The illustration which Mr Bruce gives of a speech I made in which I should have declared an interest (or very many interests) is beyond me. After Peter Mandelson stopped being Secretary of State for Northern Ireland he put a proposal to the Trust for a two year project to promote regional government in England. Because of the Trust's long standing interest in this area the Trust awarded him a grant. I cannot see why I should have declared that when acknowledging Mr Mandelson's record of working for peace in Northern Ireland. The grants which the Trust awarded to people or groups in Norther Ireland which Mr Bruce then lists demonstrates the wide areas supported by the Trust with its Quaker background of concern about civic society matters and the promotion of peace. As I said earlier, I do not see why I should declare any interest in these circumstances because I have not benefited from these grants.

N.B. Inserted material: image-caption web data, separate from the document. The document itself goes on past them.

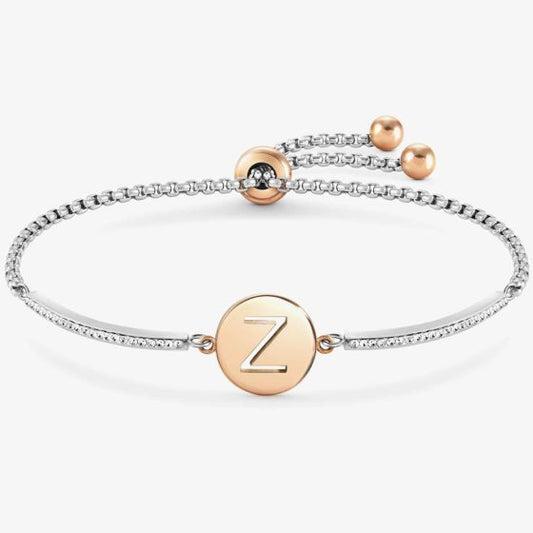 Nomination Milleluci Cubic Zirconia Initial Z Bracelet 028007/026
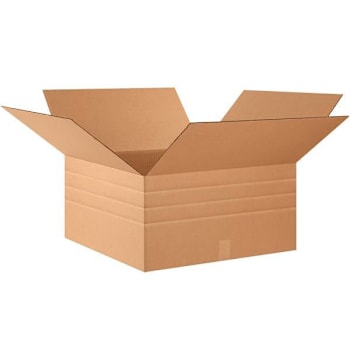 Image for Box Partners Multi-Depth Corrugated Boxes 24"X24"X12" Kraft Package Of 10 from HD Supply
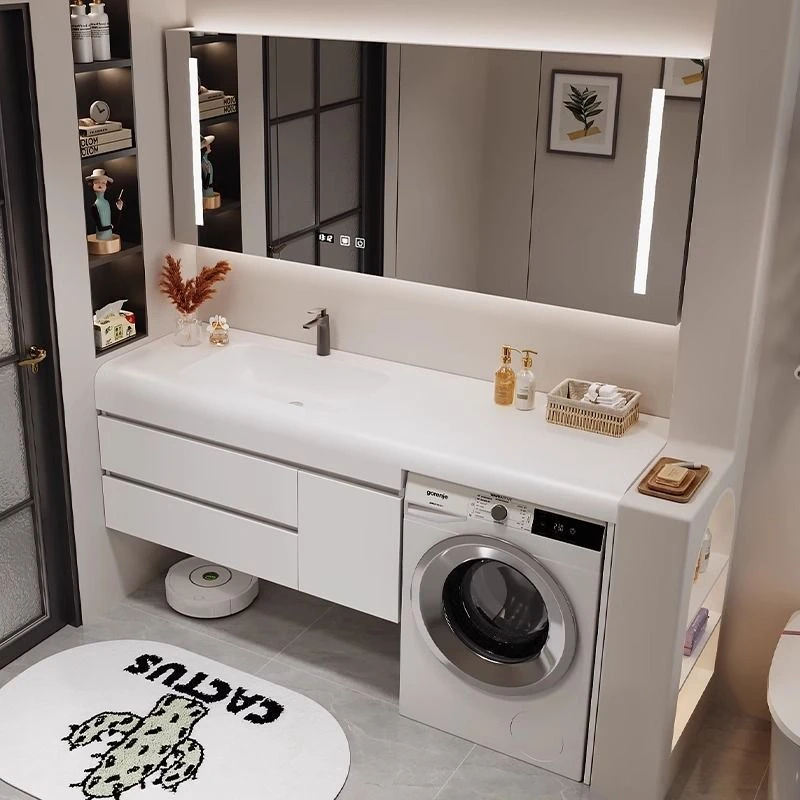 【浴室洗衣机一体柜】简约浴室柜组合卫生间洗漱台洗衣机伴侣洗脸台
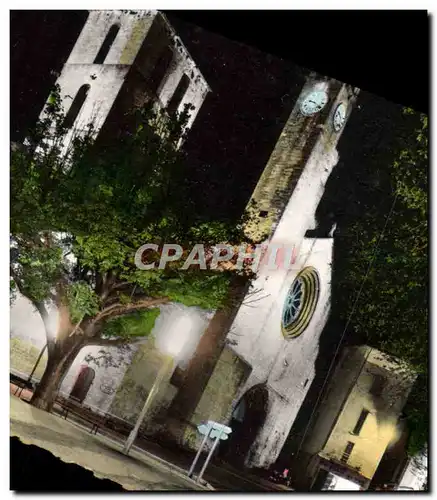 Cartes postales moderne Forcalquier La Cathedrale illuminee
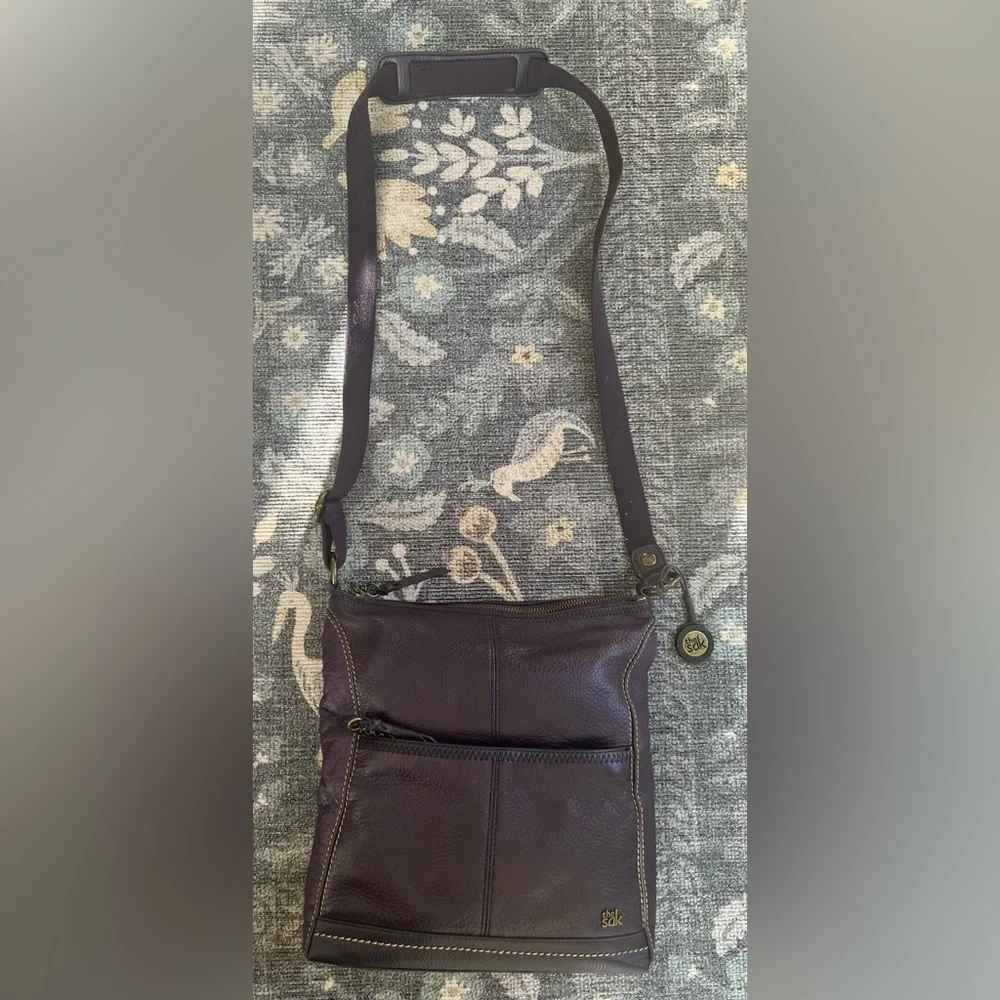 The Sak Purple Crossbody Bag - Picture 7 of 9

The one point on which I would accept what Mr Bruce says is that I did not put 'Ltd' on the end of the Trust's name when I registered my directorship. That was simply a matter of custom and practice when I am talking or writing about the Joseph Rowntree Reform Trust Limited, and if it was an error I apologise. However I deny absolutely that there was any hidden agenda behind this. It is risible to suggest as Mr Bruce has done that I intended to pretend to be part of one of the sister Rowntree Trusts which have huge charitable budgets and do excellent work. The Joseph Rowntree Reform Trust pays tax on its income and uses that income to fund non-charitable causes and political causes and is proud of the unique work it does.

The complaints relating to registration and declaration raised by Mr Bruce are in my submission irrelevant and should be dismissed. The complaints relating to a potential conflict of interest are equally unfounded and I believe that they should also be dismissed.

If I can be of any further assistance please let me know. I am sorry that this letter is so long.